And finally, what a conclusive light is shed upon the principles supporting Plato's community of property, when we bring forward the fact, daily growing more and more notable, that along with the modern passion for acquiring property has grown the modern passion of giving away property, that is, of charity? What ancient scheme ever dreamed of the multitudinous charitable organizations of some of our large cities? Charity has become organic and a part of the system of things: it has sometimes overflowed its bounds so that great social questions now pend as to how we shall direct the overflowing charitable instincts of society so as really to help the needy and not pamper the lazy: its public manifestations are daily, its private ministrations are endless.

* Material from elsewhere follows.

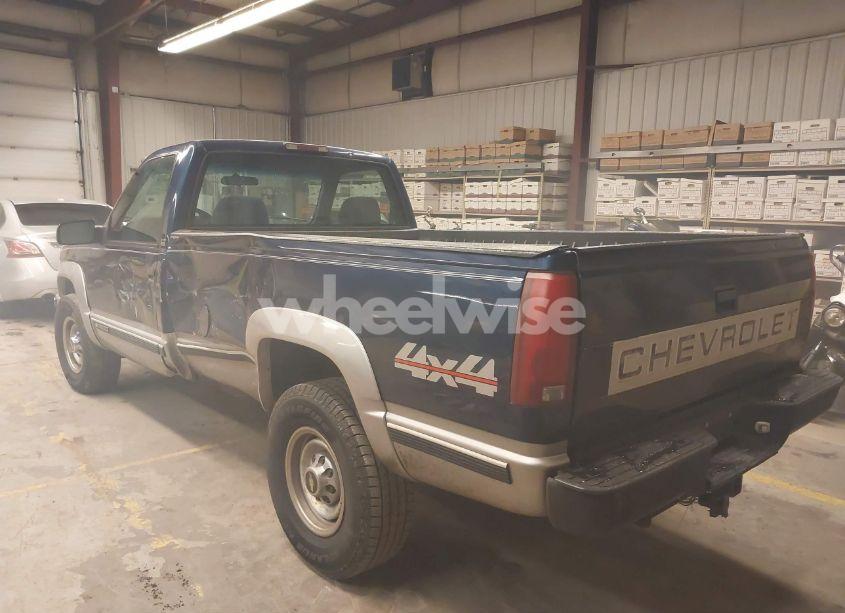 Photo 3 of 1996 Chevrolet Gmt-400 K3500 (VIN 1GCHK34RXTZ198772)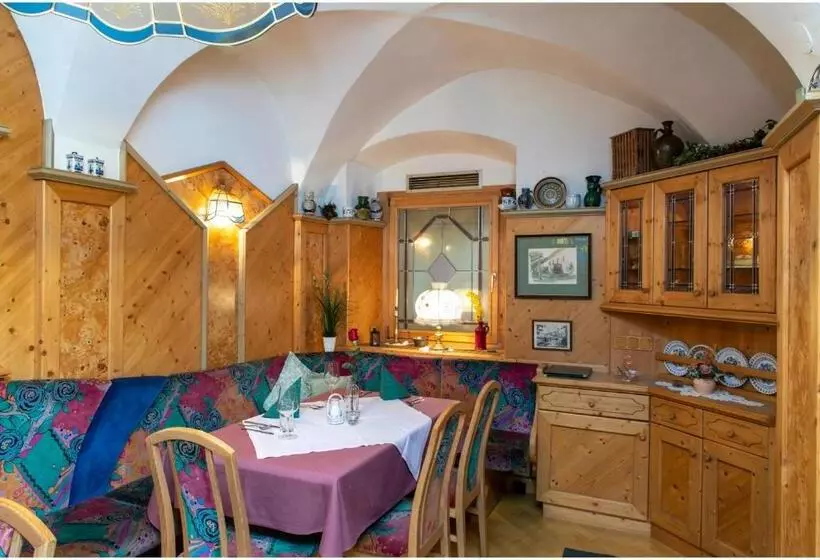 ホテル Gasthof Zur Sonne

Plato would have crushed the instinct of property; but the instinct, vital part of man's personality, as it is, has taken care of itself, has been cherished and encouraged by the modern cultus, and behold, instead of breeding a wild pandemonium of selfishness as Plato argued, it has in its orderly progress developed this wonderful new outgrowth of charity which fills every thoughtful man's heart with joy, because it covers such a multitude of the sins of the time.
I have been somewhat earnest—I fear tediously so—upon this matter, because I have seen what seem the greatest and most mischievous errors concerning it, receiving the stamp of men who usually think with clearness and who have acquired just authority in many premises.
It would not be fair to the very different matters which I have now to treat, to detail these errors; and I will only mention that if, with these principles of personality fairly fixed in one's mind, one reads for example the admirable Introduction of Professor Jowett to his translation of Plato'sRepublic, one has a perfect clew to many of the problems over which that translator labors with results which, I think, cannot be conclusive to his own mind.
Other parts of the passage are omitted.